Страдание за другого возвеличивает, облагораживает. Не было ничего выше креста, с которого можно было созерцать мир. Гордость и опьянение им превосходили воображение. И все же каждый крест с распятой на нем жертвой отнимал у всех претендовавших на него все, кроме жалкой доли подражательства. Добродетель жертвоприношения сосредоточена в душе жертвы.

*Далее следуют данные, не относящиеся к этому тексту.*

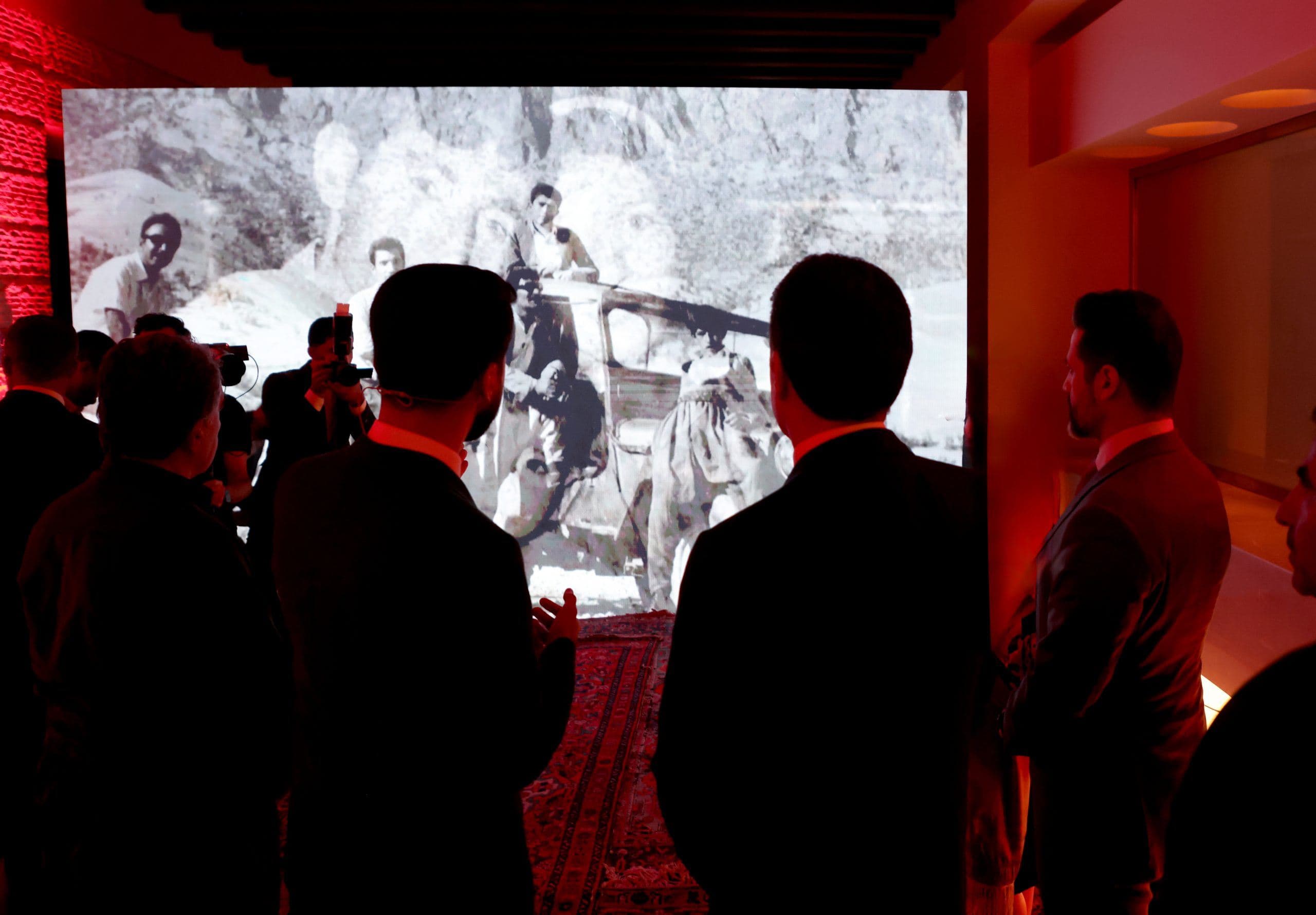KCAC staff explain their digitalized work to President Barzani and other Kurdish officials on May 27, 2024. Photo: Kurdistan Region Presidency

Истинное искупление должно быть свободным и по-детски непосредственным. Даже когда искупающий грехи осознавал подспудные мотивы и результаты своего поступка, это не приносило ему пользы. Поэтому альтруист присваивал себе некую возвышенную роль, потому что, оставайся он пассивным, его крест мог бы стать уделом невиновного. Однако разве можно считать правильным позволять людям умирать лишь потому, что они чего-то не понимают? Слепота и безрассудство наказывались более сурово, нежели преднамеренное зло. Закомплексованные люди, знавшие о том, как самопожертвование поднимало спасителя и свергало продажного, и скрывавшие это знание, могли таким образом позволить безрассудному собрату принять позу ложного благородства. По-видимому, для нас, руководителей, не было прямой тропинки в этом расходившемся концентрическими кругами лабиринте нашего поведения. И все же я не мог в своем молчаливом согласии на обман арабов опуститься до откровенного лицемерия, хотя, разумеется, должен был иметь какую-то склонность, какую-то позицию для оправдания обмана или же вообще не должен был обманывать людей и два года заниматься только доведением до успеха того обмана, который другие облекали в определенные формы и проводили в действие. Вначале я не имел никакого отношения к арабскому восстанию, но потом получилось так, что на мне лежала ответственность за само его существование. Не мне говорить о том, когда именно моя вина превратилась из второстепенной в главную, за какие конкретные руководящие действия меня следовало бы осудить. Достаточно уже того, что с марта в Акабе я горько раскаивался в том, что дал вовлечь себя в движение, и этой горечи хватило с лихвой, чтобы отравлять мои свободные часы, но не хватало достаточно, чтобы заставить меня решительно порвать с ним. Отсюда колебания моей воли и бесконечные вялые жалобы.